For decades big companies have done their best to avoid hefty corporate tax rates levied by Uncle Sam. The U.S. government collects 35 percent of a domestically based corporation’s income, a figure based on the entirety of the company’s worldwide revenue. This mighty bite from the bottom line leads many firms to reincorporate their companies in places like the Cayman Islands or Ireland, where the corporate tax rate is just 12.5 percent. While this process of “inversion” is entirely legal, so many companies are doing it these days that the U.S. could face a major income shortage in coming years.

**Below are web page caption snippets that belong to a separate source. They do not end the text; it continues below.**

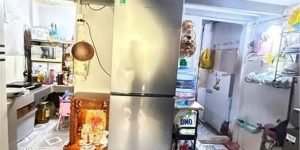 Tô Hiến Thành Quận 10 Phường 15 Cũ.- Không LG Tiện sửa chửa , một đời chủ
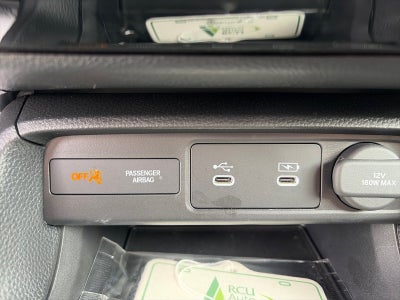 2025 Honda Civic Hatchback Sport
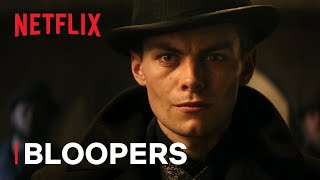 Shadow and Bone | Bloopers | Netflix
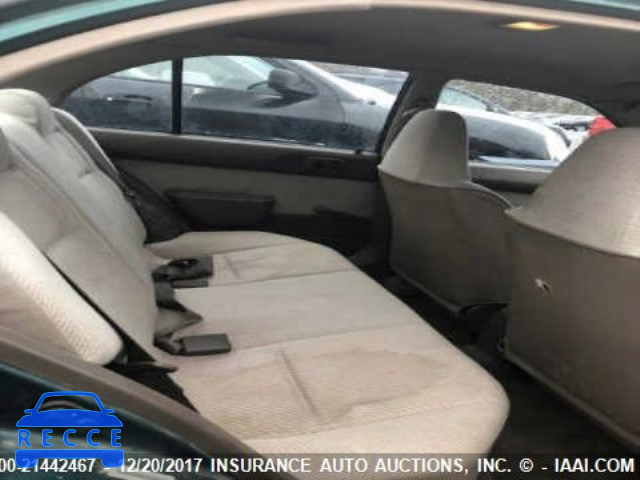 1995 Toyota Tercel DX JT2EL56E2S7020802 image 7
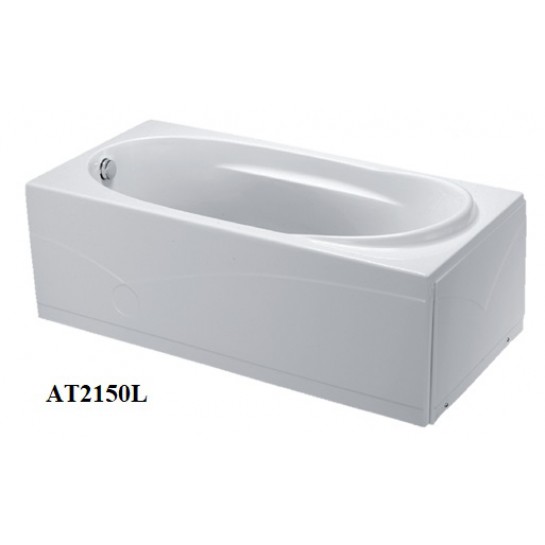 Bồn tắm chân yếm AT2150L/R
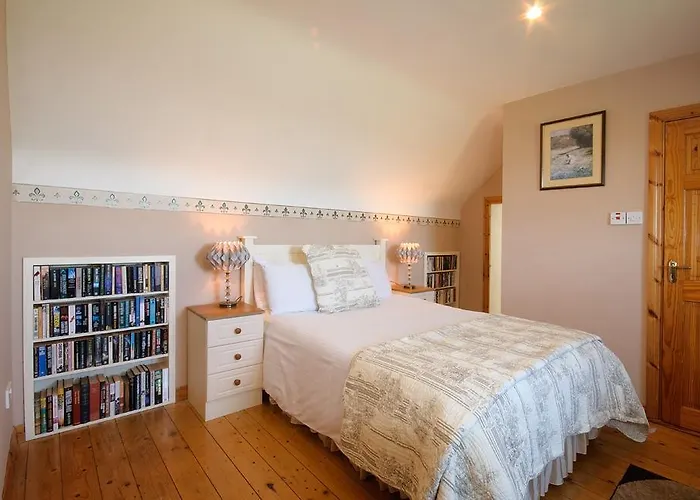 ベッド・アンド・ブレックファスト Baywatch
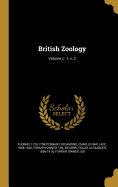 British Zoology; Volume C. 1, V. 2
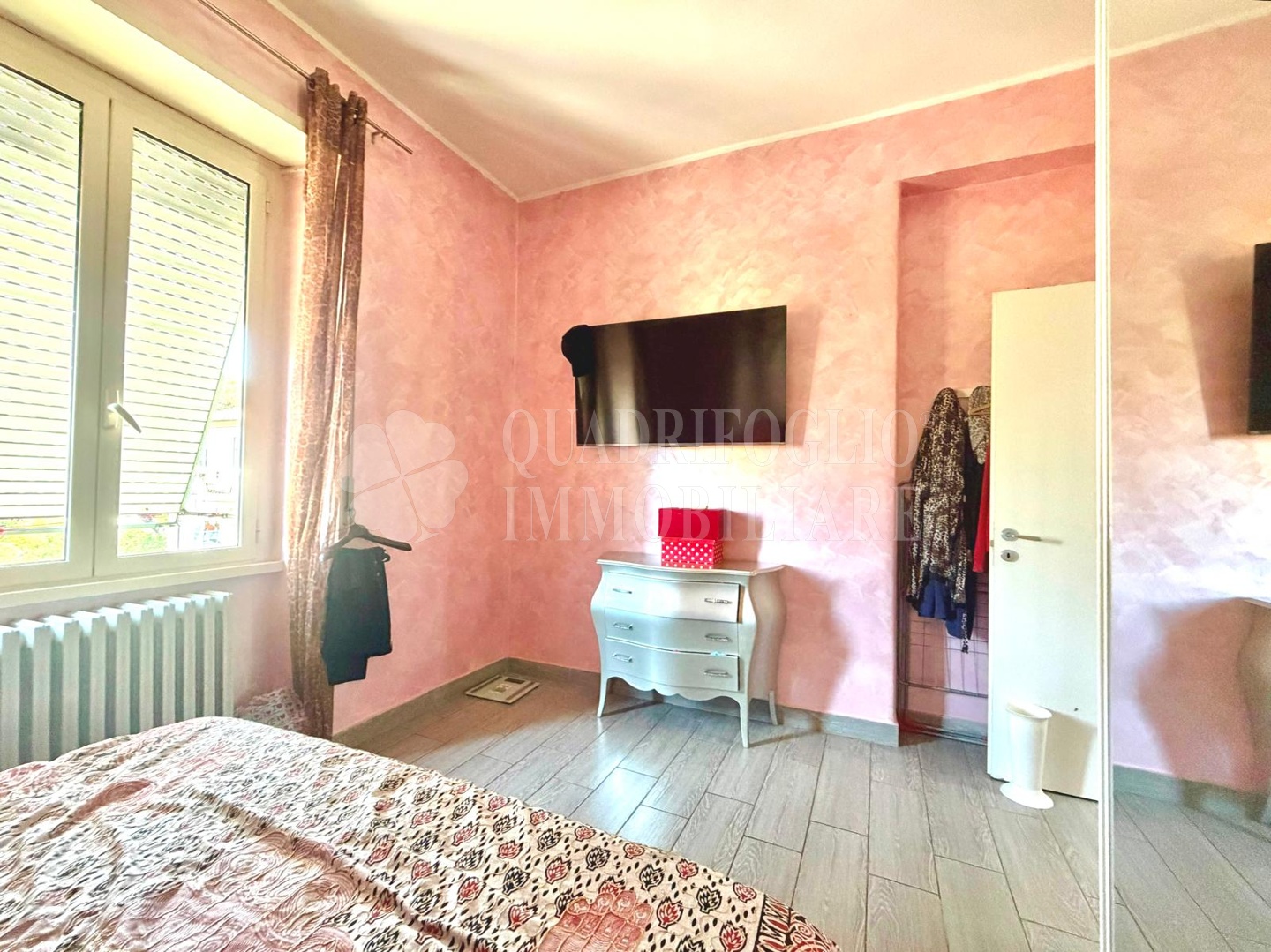 16 Roma, Acilia – Via Alberto Galli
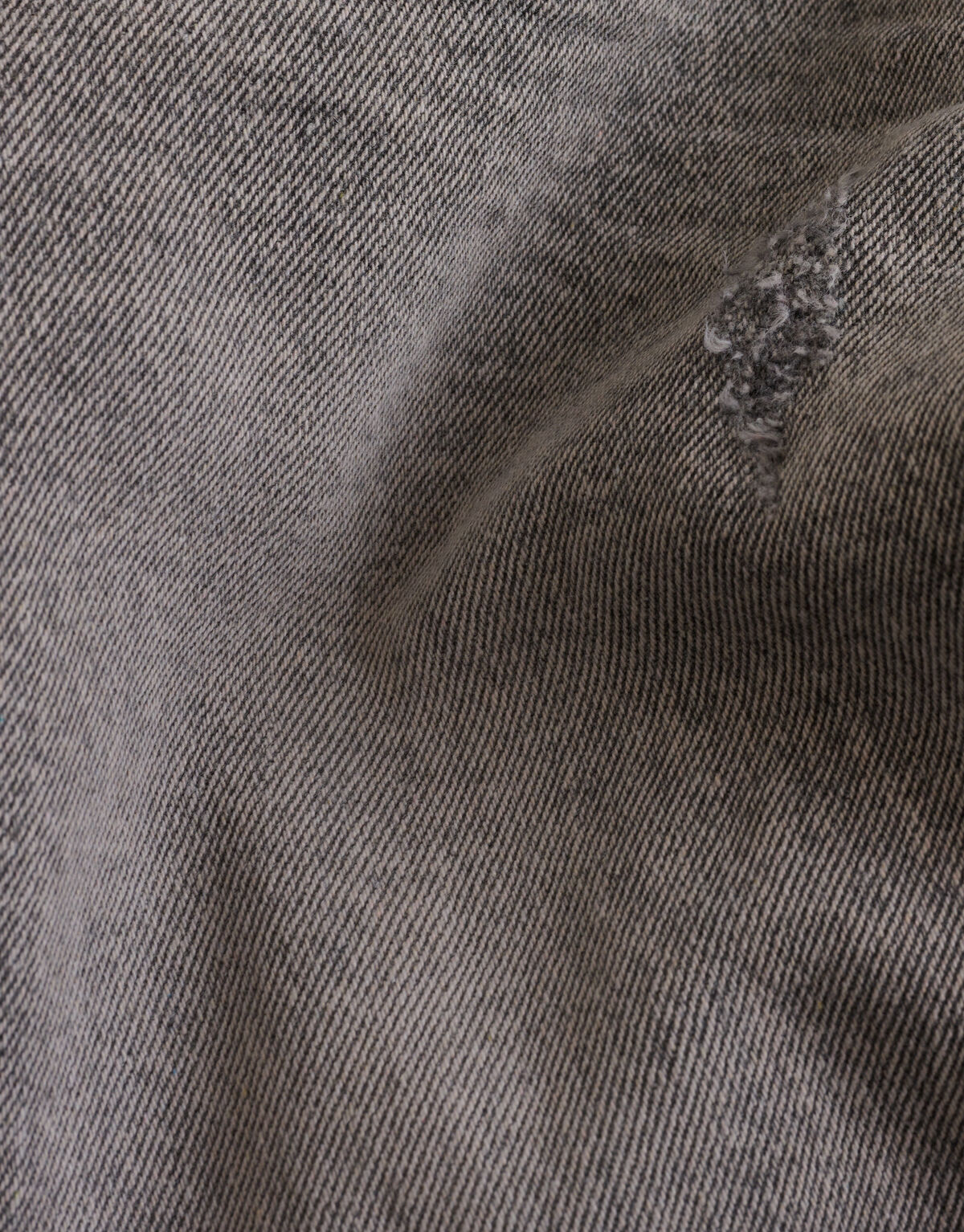 Tapered Jeans Lichtgrijs SHOEBY BOYS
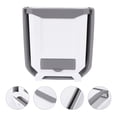 thumbnail image 1 of RENACLIPY 1PC Kitchen Garbage Can Plastic for Garbage Collection Home Use, 1 of 8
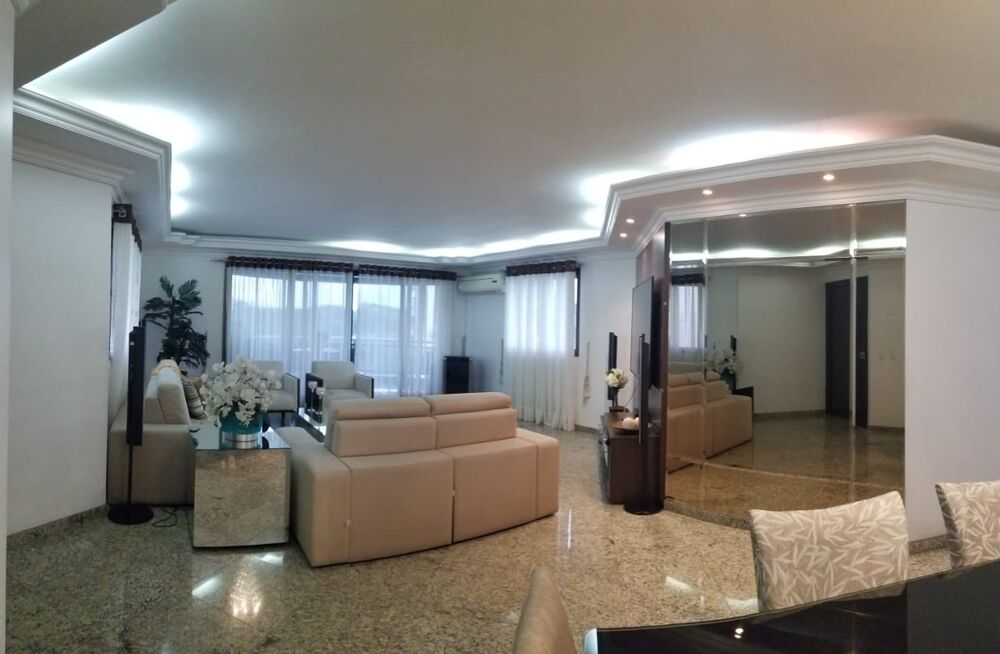 Apartamento, 4 quartos, 240 m² - Foto 23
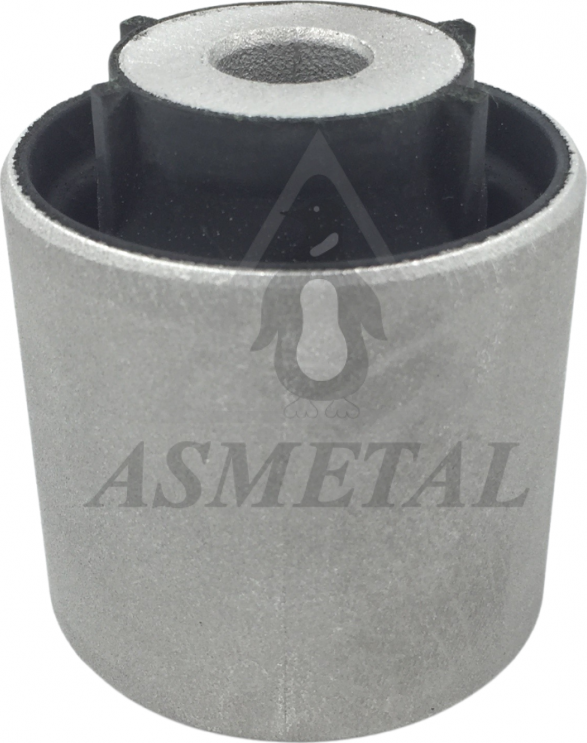 Сайлентблок переднего рычага подвески Asmetal. Артикул 38BM0352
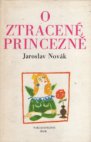 O ztracené princezně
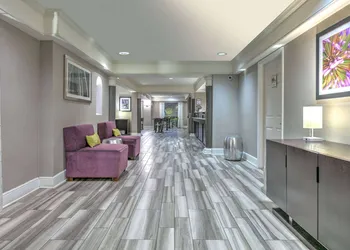 La Quinta Inn by Wyndham Dallas Uptown hotel thumbnail 8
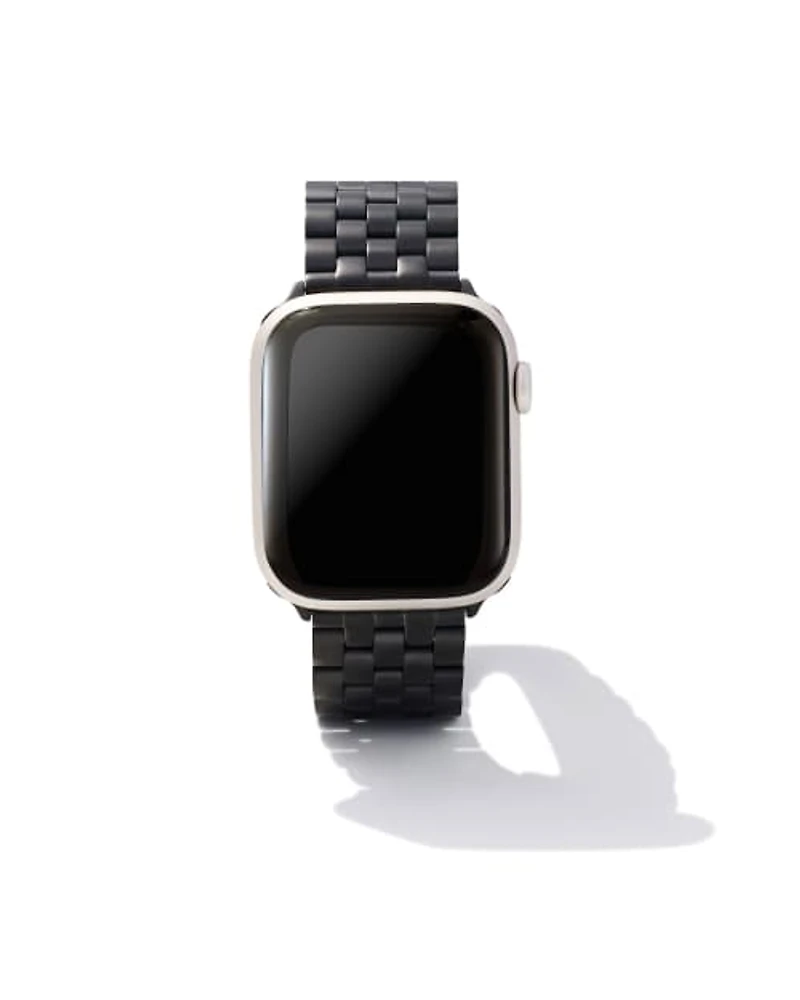 Beck 5 Link Watch Band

In fact, some businesses are now forgoing incorporation in America altogether. For instance, the tech firm Seagate went private in a 2000 buyout and then moved to the Cayman Islands. From there it incorporated in Dublin ten years later, even though its headquarters and principal offices are all in California. Companies like these can dodge American taxes without fear of reprisal because they were never technically based here in the first place. So far 60 U.S. companies have either inverted or chosen this “never-here” course of action, and experts predict that more will follow their lead.
This creates an environment where businesses can benefit from public services that they don’t pay for. Carnival Cruise Lines, for example, is headquartered in Miami but incorporated in tax friendly Panama. As a result, Carnival doesn’t pay its fair share to the U.S. Coast Guard, an organization that helped rescue the company’s burning vessel Triumph last year. Although the cruise line eventually reimbursed the Coast Guard for its assistance, the government could never hope to recoup the billions it loses each year due to similar loopholes. As it stands now, legislators have two clear options for stemming this tax exodus: draft a law making inversion more difficult or reform the tax code altogether. Many business leaders argue that U.S. tax laws are uncompetitive, while opponents feel that corporations should simply be restricted to paying their fair share. What do you think?
- Is there a solution to the “inversion” taking place in some U.S. companies?
- Can U.S. companies incorporate in any state or country they choose?